[Captioned web image data]
※

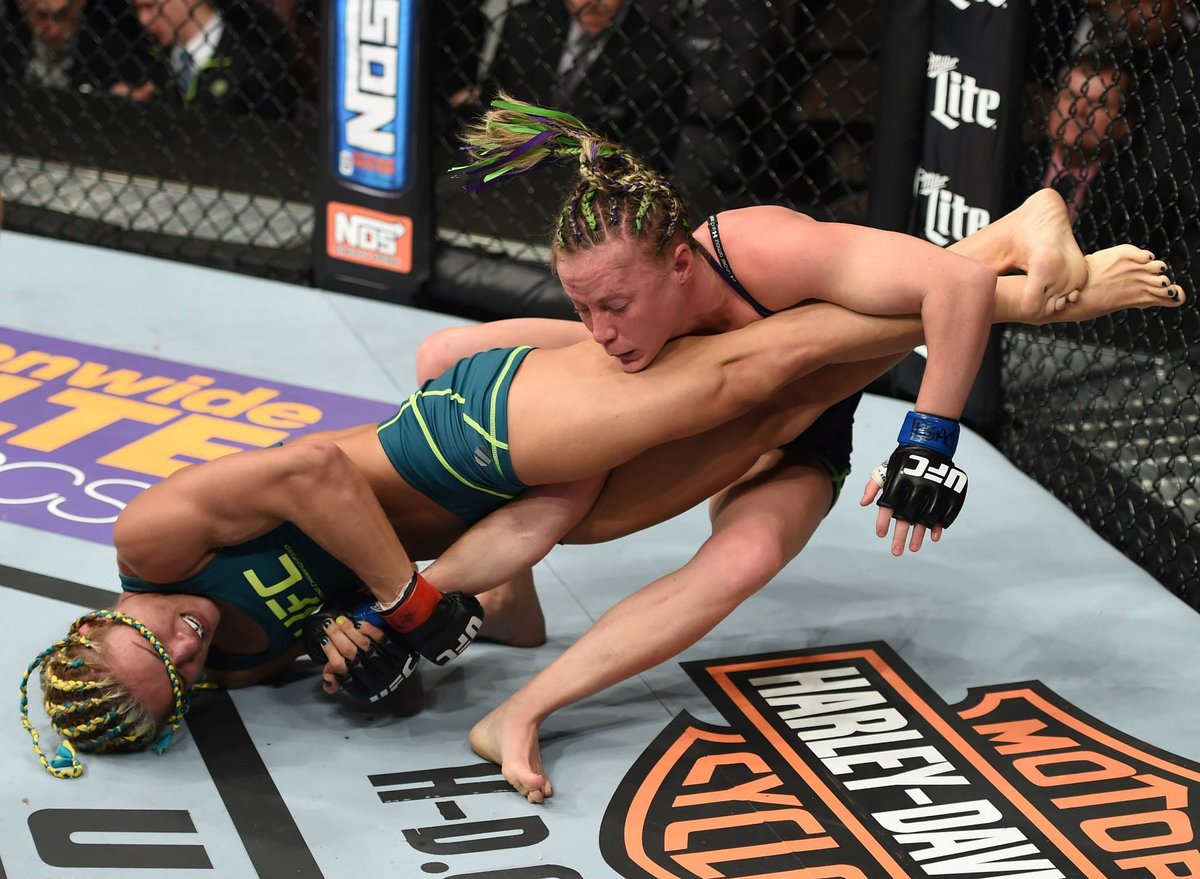 AwakeningF's tweet photo. Friday Fight Photo: @feliceherrig submits Lisa Ellis at The Ultimate Fighter 20 Finale in 2014 #mma #ufc https://t.co/7qyh3vk6L7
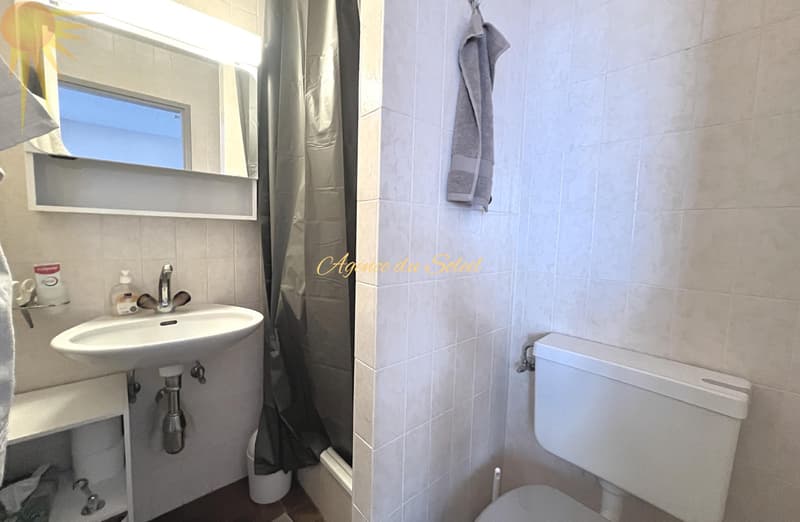 À louer (saison): Très cosy appartement de 3.5 pièces à proximité du funiculaire ! (9)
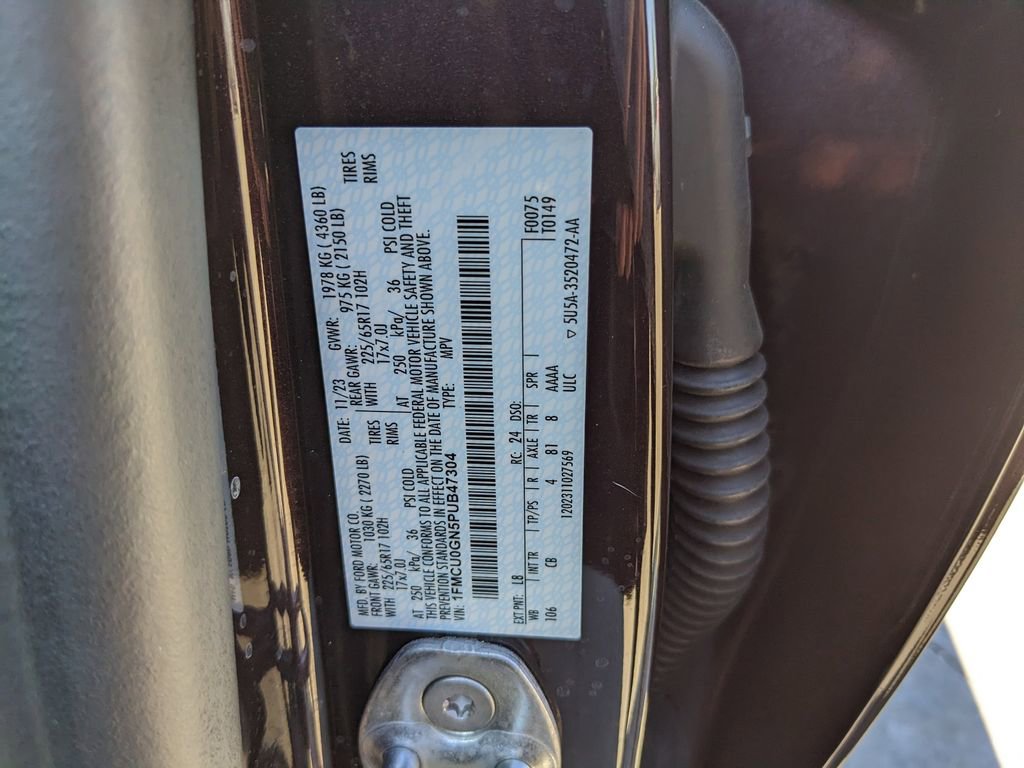 Used 2023 Ford Escape Active w/ Tech Pack #2 image 40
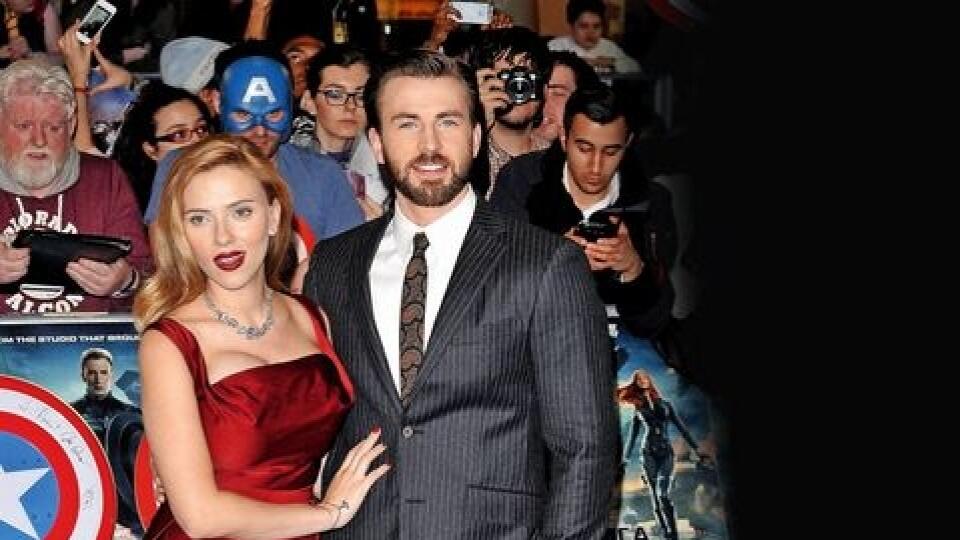 „Black Widow“ Scarlett Johansson, ktorá Chrisovi ako superhrdinka skvele kontruje, je už v 6. mesiaci tehotenstva. Preto na premiére pútala pozornosť bujným dekoltom a neproporčným strihom šiat.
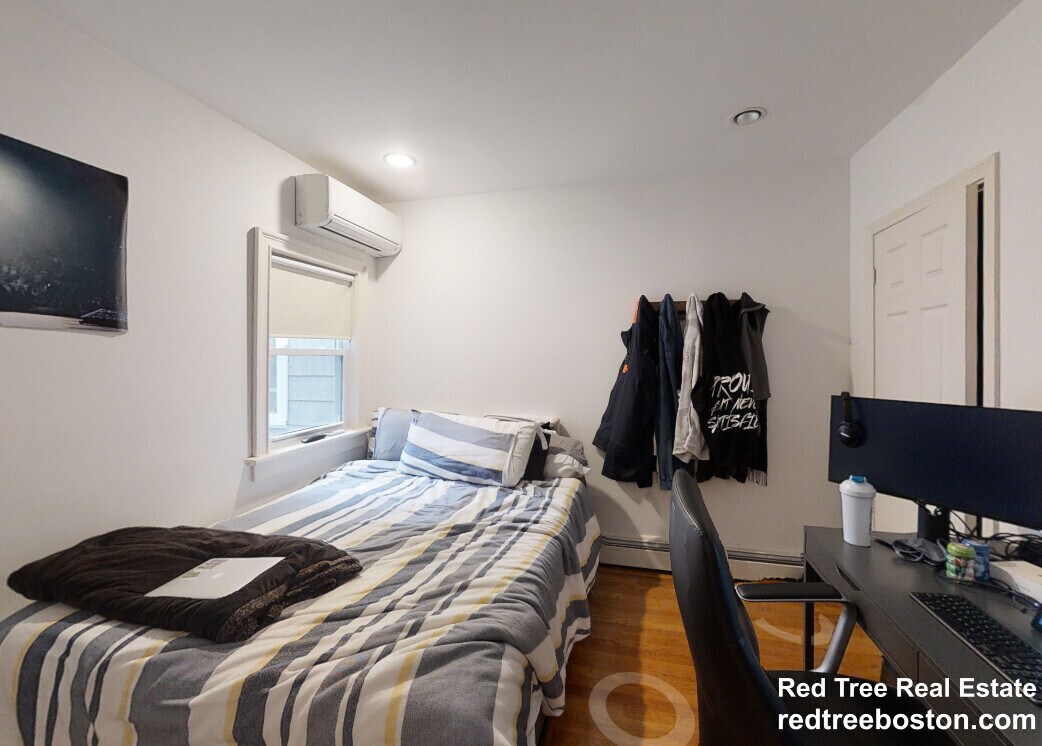 Building Photo - 164 L St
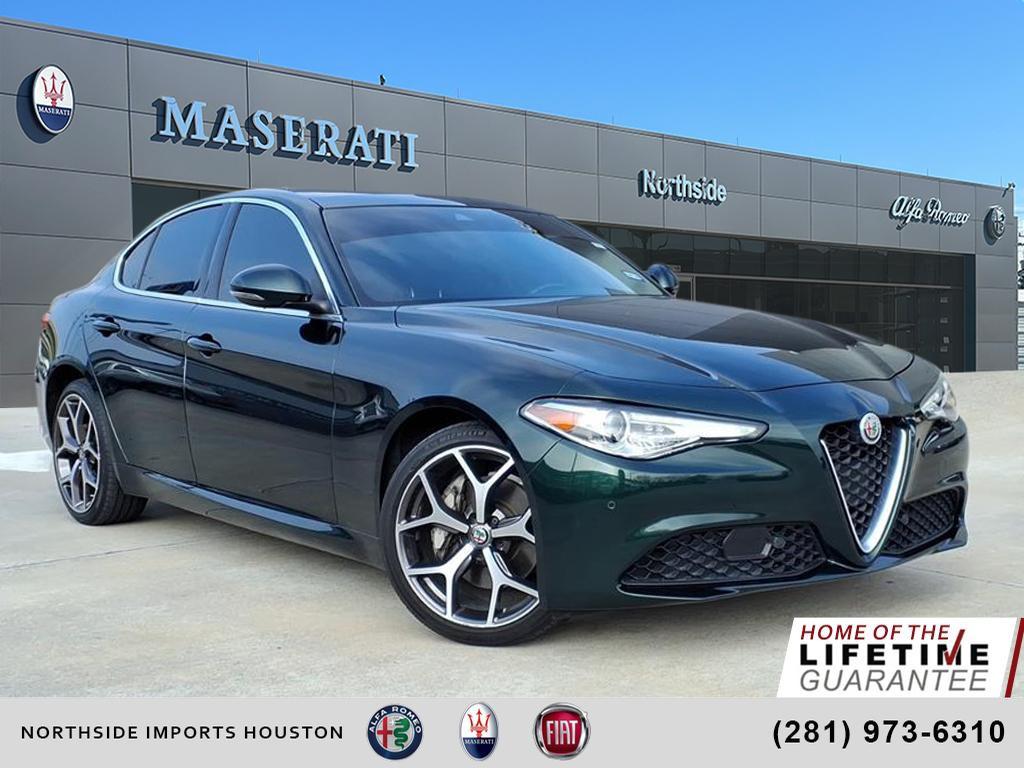 2020 Alfa Romeo Giulia Ti's photo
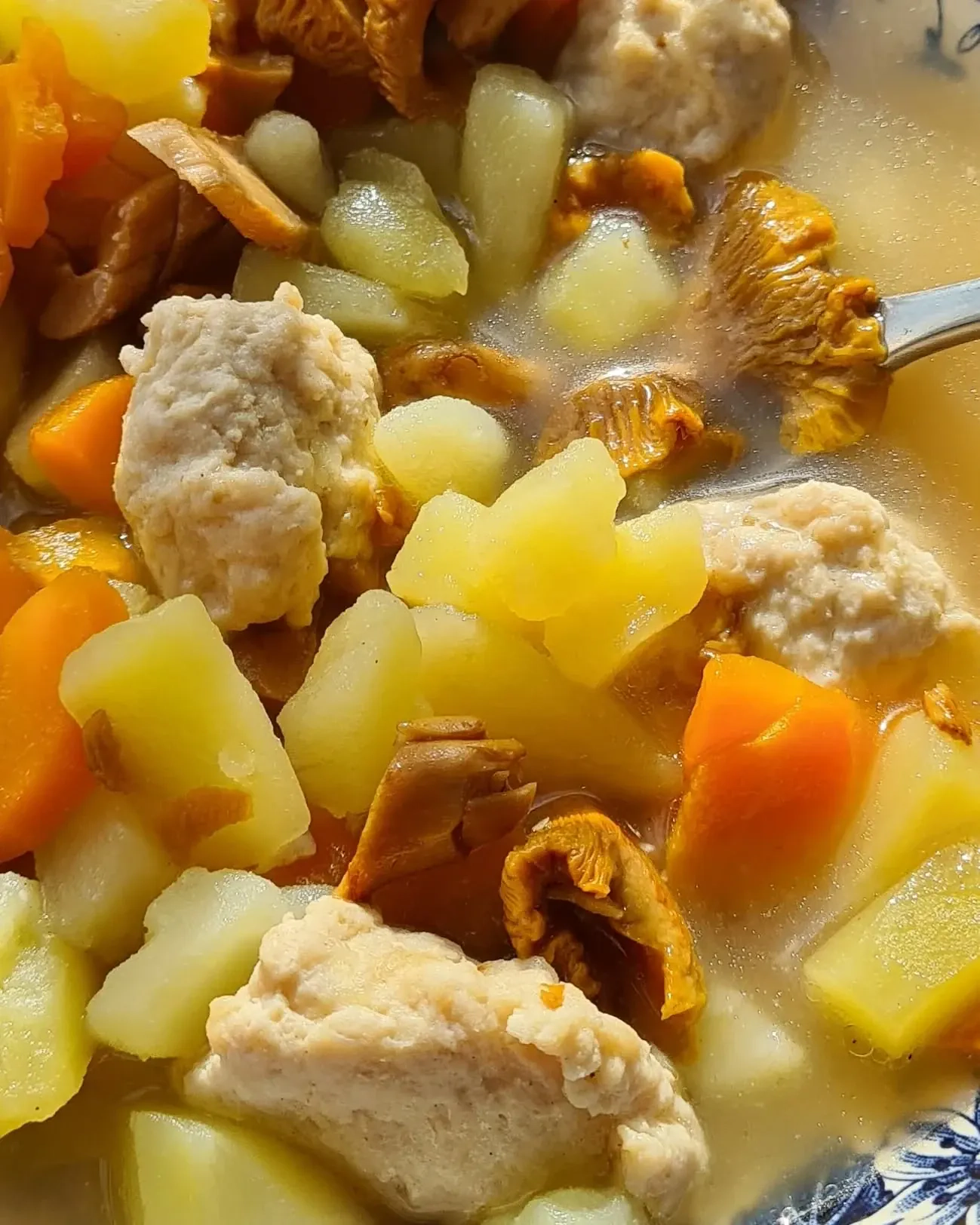 Gaileņu zupa ar vistas frikadelēm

※

▸ **Your task**
Exactly as written above, print every record, and keep the pictures out.

▸ **The answer**
 AwakeningF's tweet photo. Friday Fight Photo: @feliceherrig submits Lisa Ellis at The Ultimate Fighter 20 Finale in 2014 #mma #ufc https://t.co/7qyh3vk6L7
 À louer (saison): Très cosy appartement de 3.5 pièces à proximité du funiculaire ! (9)
 Used 2023 Ford Escape Active w/ Tech Pack #2 image 40
 „Black Widow“ Scarlett Johansson, ktorá Chrisovi ako superhrdinka skvele kontruje, je už v 6. mesiaci tehotenstva. Preto na premiére pútala pozornosť bujným dekoltom a neproporčným strihom šiat.
 Building Photo - 164 L St
 2020 Alfa Romeo Giulia Ti's photo
 Gaileņu zupa ar vistas frikadelēm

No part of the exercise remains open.